# Week 1: Least Squares Fitting

## Goals
- Learn how to get data into Python via [pandas](https://pandas.pydata.org/),
- Basic manipulations of data,
- Construct a least squares fitting in a few ways

## Getting Started

Python is a general-purpose programming language. According to [TIOBE](https://www.tiobe.com/tiobe-index/), Python is the most popular programming language (as of September 2024). 

Python has built in functions:

In [None]:
a = [2, 4, 4, 5, 8]     # A Python list
sum(a)                  # Sums the entries of a

Python has a large ecosystem of libraries (called modules) and communities:

In [None]:
import pandas as pd     # Python code for loading modules
print(pd.__version__)   # Checking the version of pandas

If you want to brush up on your Python skills, there are a variety of tutorials online:
- [learnpython.org](https://www.learnpython.org/),
- [w3schools.com/python](https://www.w3schools.com/python/),
- and many more...

## Basics

- Add together an integer and a float

In [None]:
1 + 3.2

- "Add" (or concatenate) two strings

In [None]:
"hello" + " world"

- Repeat strings by multiplying an integer with a string

In [None]:
5*"hello "

- Convert integers to strings

In [None]:
str(365*24*60) + " minutes per year" 

- Convert some strings to integers

In [None]:
int("4" + "0") + 2

In [None]:
# int("one")

## Our first example

There are seemingly countless ways to get data into a useful format. 

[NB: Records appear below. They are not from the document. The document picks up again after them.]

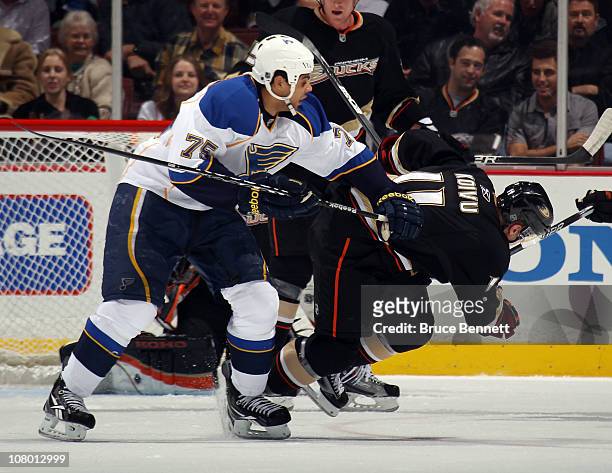 Ryan Reaves of the St. Louis Blues knocks down Saku Koivu of the Anaheim Ducks at the Honda Center on January 12, 2011 in Anaheim, California.
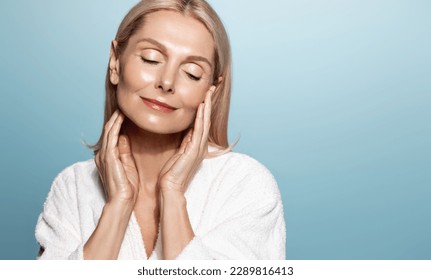 Wellbeing and beauty. Senior woman with perfect glowing skin, nourished face without blemishes, applies skincare routine, anti-aging cream for perfect glow and mousturizing effect, blue background. - Powered by Shutterstock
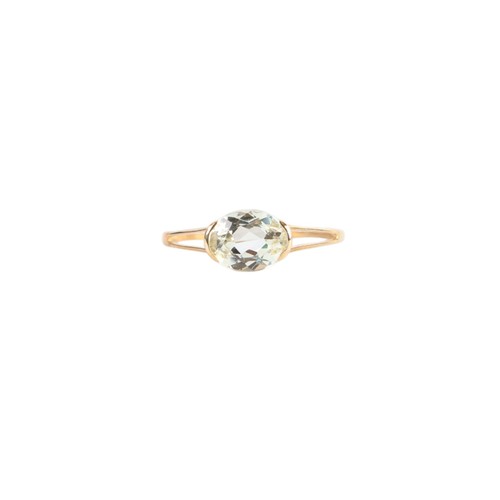 A 9ct gold solitaire dress ring, set with a single oval pale yellow ...
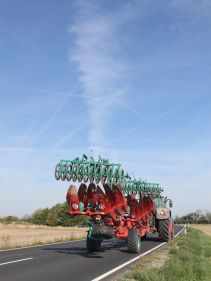 Packers - Kverneland Packomat compact and transported above ground level, dragged by tractor in a folded shape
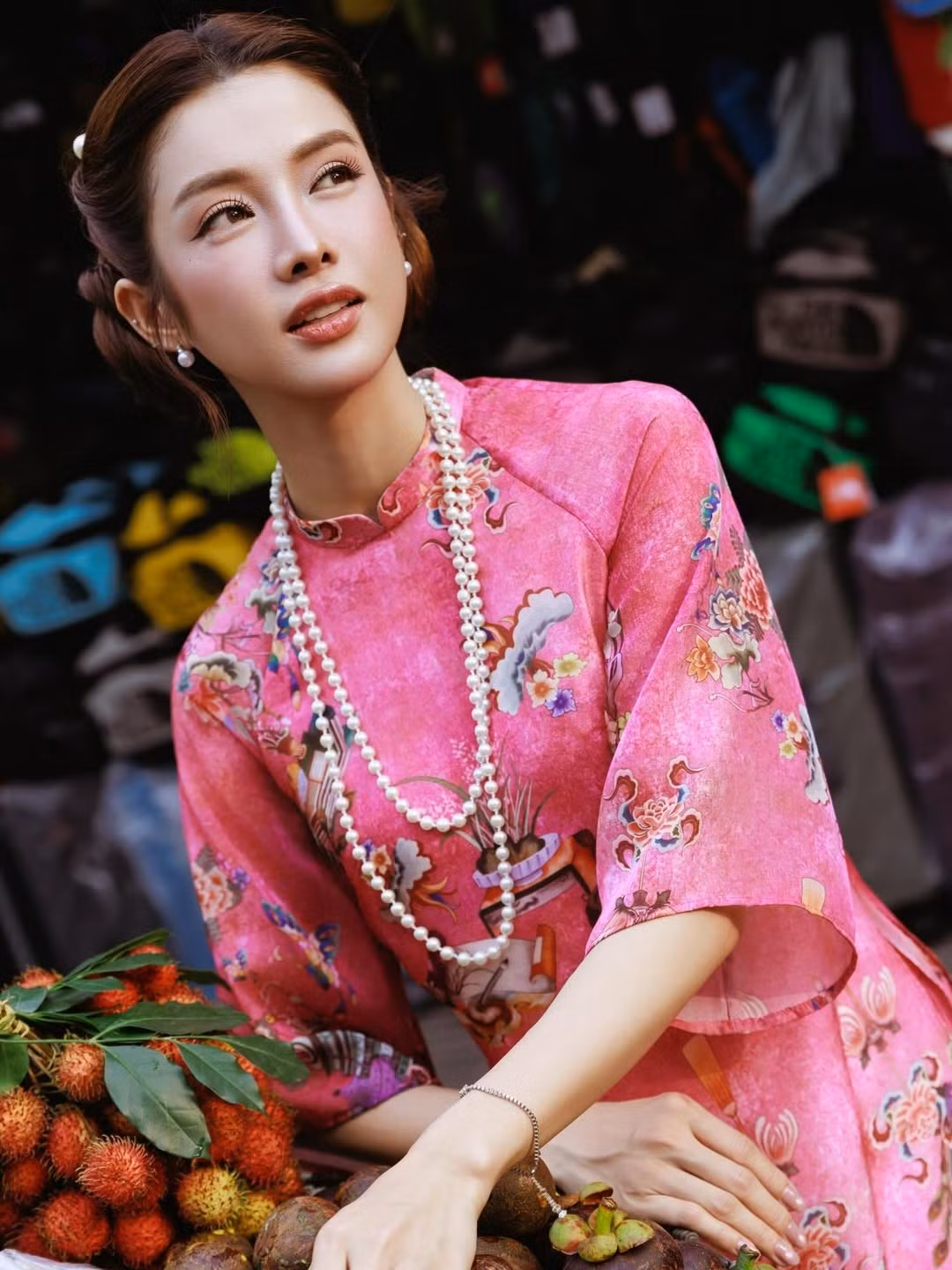 Điểm thú vị của bộ ảnh của Mỹ Duyên nằm ở bối cảnh rất đời: sạp trái cây, quán ăn bình dân, bảng hiệu cũ kỹ, xe máy đậu sát lề đường. Những khung hình được ghi lại gần khu vực Chợ Bến Thành mang đậm chất Sài Gòn – nơi quá khứ và hiện tại luôn song hành. Giữa không gian đó, tà áo dài của nữ diễn viên thướt tha bay nhẹ theo từng bước chân tạo nên sự đối lập đầy thi vị: truyền thống giữa nhịp sống hiện đại.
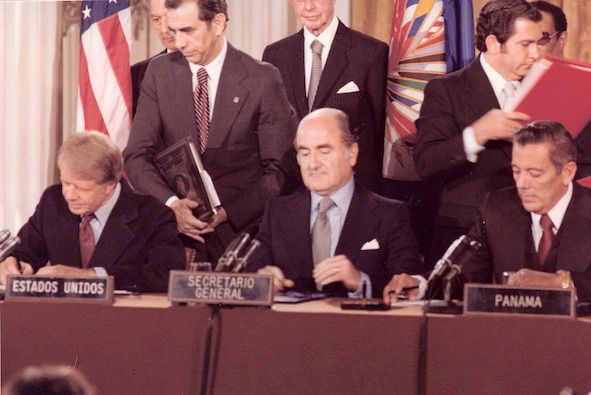 President Carter, OAS Secretary General Alejandro Orfila, and General Torrijos sign the Panama Canal Treaties in Washington, September 1977. (Source: U.S. Information Agency, NARA)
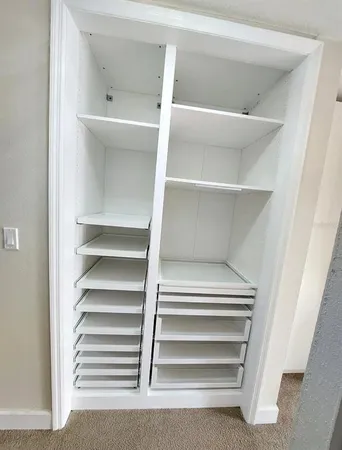 a view of walk in closet with empty racks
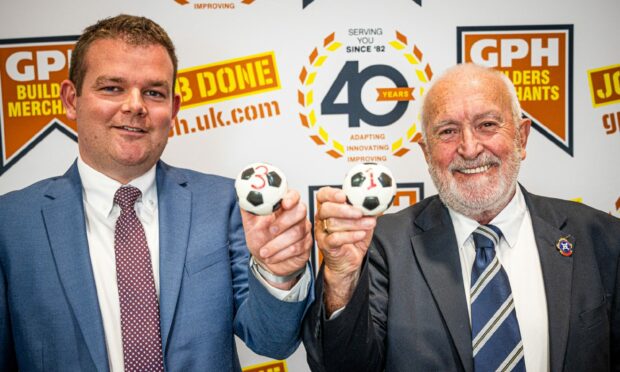 GPH Builders Merchants managing director Grant Shewan, left, and Breedon Highland League president George Manson, right, at the Highland League Cup draw. Pic by Wullie Marr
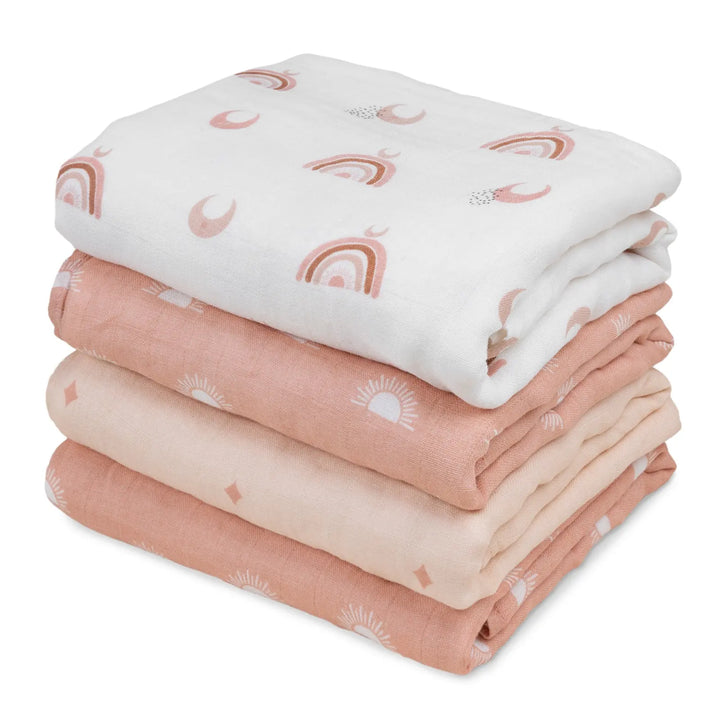 Stack of muslin swaddle blankets in warm earth tones featuring rainbow, sun, and diamond patterns. Soft and breathable, perfect for cozy swaddling.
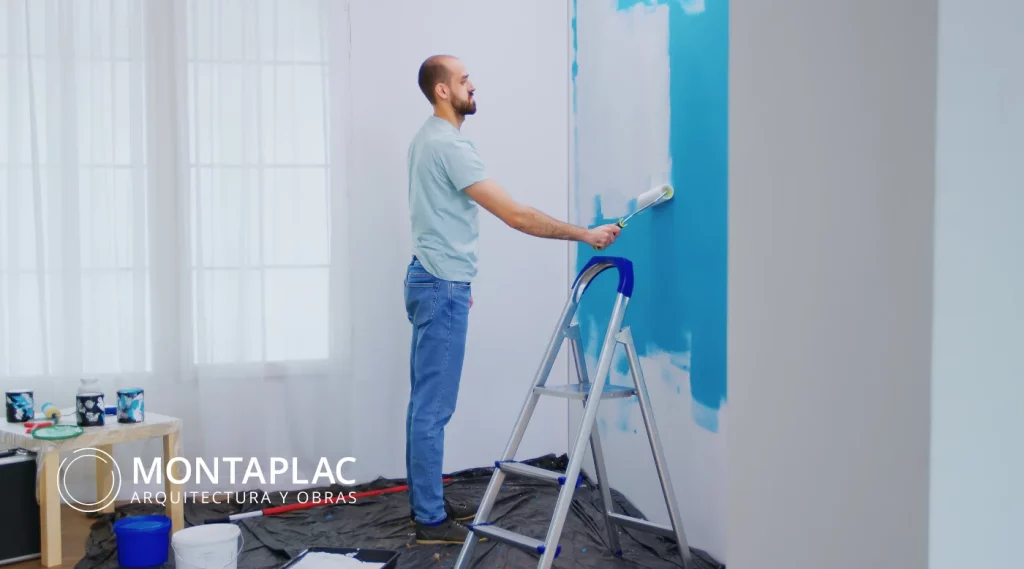 Hombre pintando una pared azul con rodillo durante una reforma interior; trabajo doméstico sencillo representativo de una obra menor en vivienda.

We will load the file `./data/ex1.csv` directly into Python.

In [None]:
with open("data/ex1.csv", "r") as ex1_data:
    print(ex1_data.read())

We could further massage this data, but pandas takes care of all of this. Let's use it.

In [None]:
# Imported above "import pandas as pd"
df = pd.read_csv("data/ex1.csv")
print(df)

Alternatively, we can load the data by hand. To turn this "on" just uncomment the following code by removing all `#` symbols. 

In [None]:
# df = pd.DataFrame({
#     "i" : [1, 2, 3, 4, 5, 6, 7, 8, 9, 10],
#     "x_i" : [30, 20, 60, 80, 40, 50, 60, 30, 70, 60],
#     "y_i" : [73, 50, 128, 170, 87, 108, 135, 69, 148, 132],
# })

Python starts its indexing at 0 and not at 1, so we can just ignore the column labeled 'i'. Let's just remove it.

In [None]:
df = df[["x_i", "y_i"]]
print(df)

For a line of best fit, we write 
$$
    y = b_0 + b_1x.
$$

The equations for $b_0$ and $b_1$ are given by 
$$
\begin{aligned} 
    nb_0 + b_1\sum x_i &= \sum y_i, \\
	b_0 \sum x_i + b_1 \sum x_i^2 &= \sum x_iy_i. 
\end{aligned}
$$

Let's take each quantity in part.

- $n$

In [None]:
n = len(df)         # length of the columns
print(n)

- $\sum x_i$

In [None]:
sum_x = sum(df["x_i"])      # Sums all entries x_i
print(sum_x)

- $\sum y_i$

In [None]:
sum_y = sum(df["y_i"])      # Sum all entries y_i
print(sum_y)

- $\sum x_i^2$

In [None]:
sum_xx = sum(x**2 for x in df["x_i"])
print(sum_xx)

- $\sum x_iy_i$

In [None]:
sum_xy = sum(t[0] * t[1] for t in zip(df["x_i"], df["y_i"]))
print(sum_xy)

We will put these values into a matrix to solve the system of 2 linear equations. 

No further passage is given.